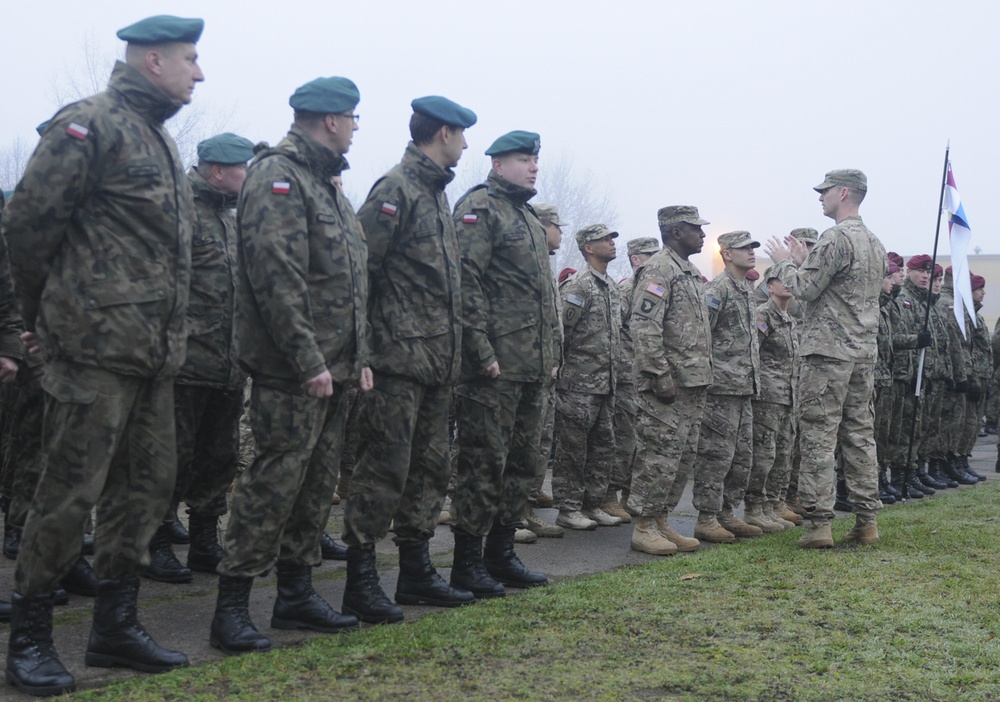 Polish and American Soldiers celebrate their nations holidays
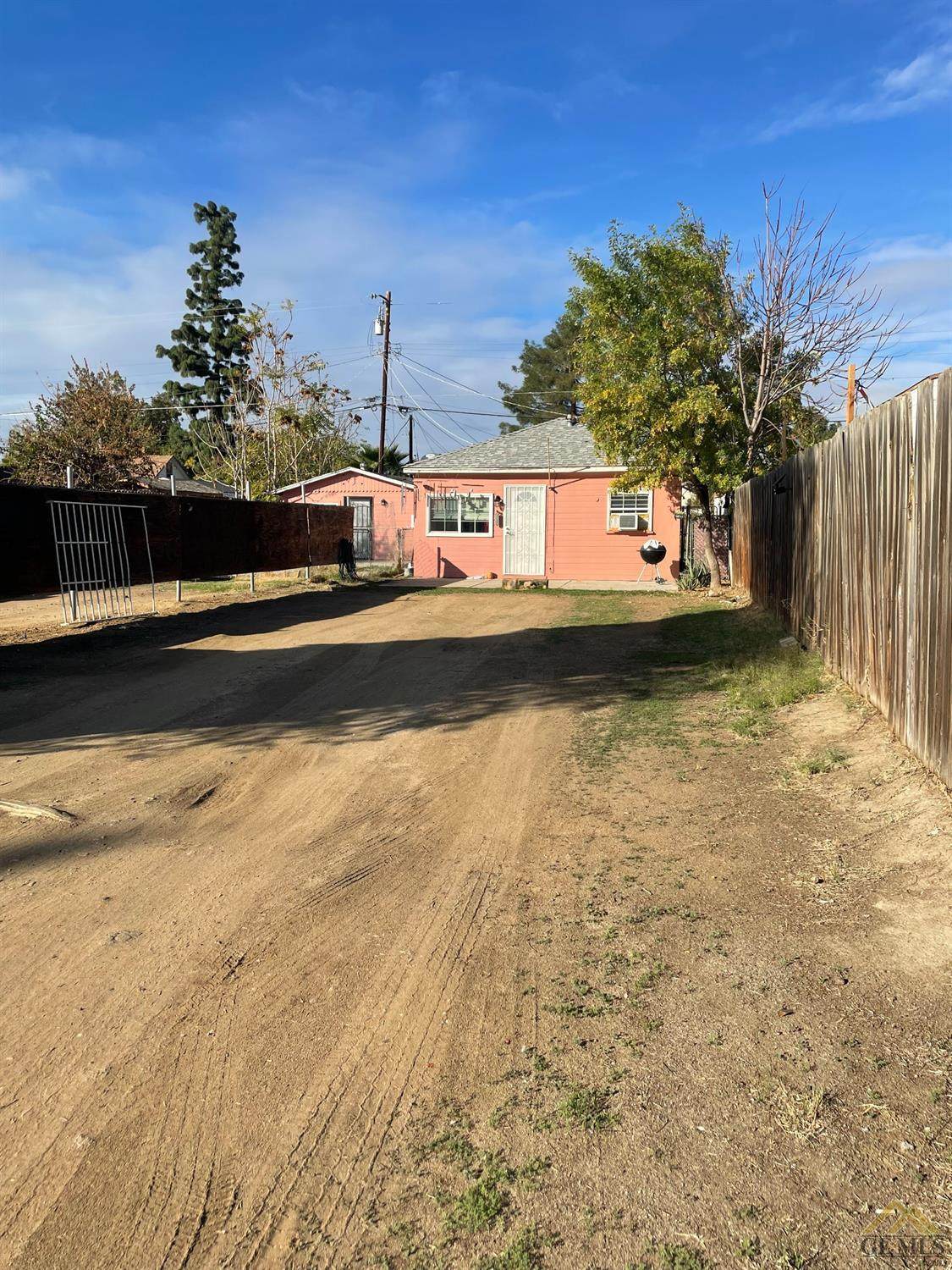 612 Lincoln - Photo 1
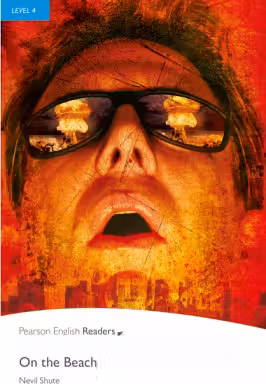 Level 4. On The Beach Book and MP3 Pack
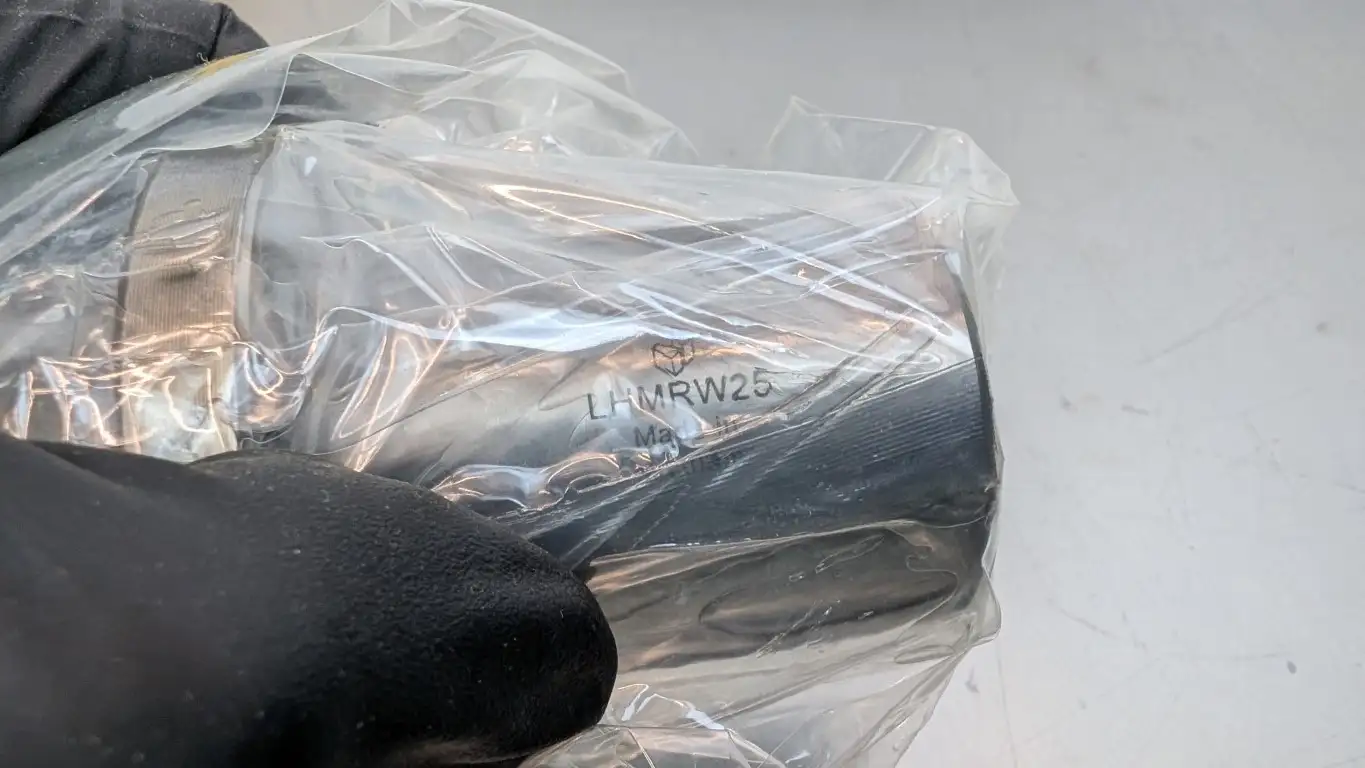 MiSUMi LHMRW25 Center Flanged Linear Ball Bearing 25mm ID 40mm OD x 112mm Long - Image 4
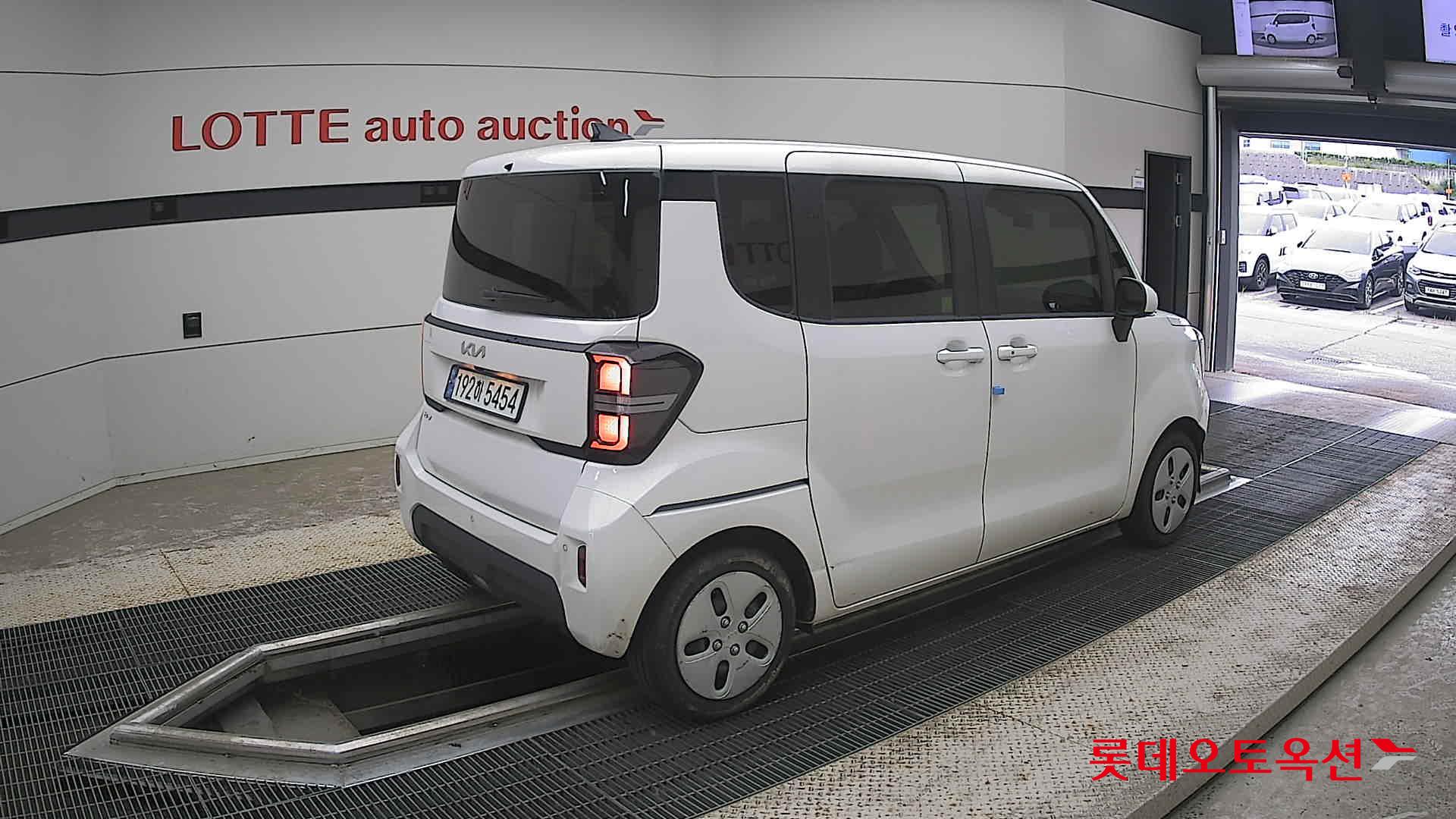 2023 - kia ray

========================================================================

### Task directions
Repeat, exactly and with no pictures, each line from the line that holds "612 Lincoln - Photo 1" through the last line of the records above.

### Response to the exercise
 612 Lincoln - Photo 1
 Level 4. On The Beach Book and MP3 Pack
 MiSUMi LHMRW25 Center Flanged Linear Ball Bearing 25mm ID 40mm OD x 112mm Long - Image 4
 2023 - kia ray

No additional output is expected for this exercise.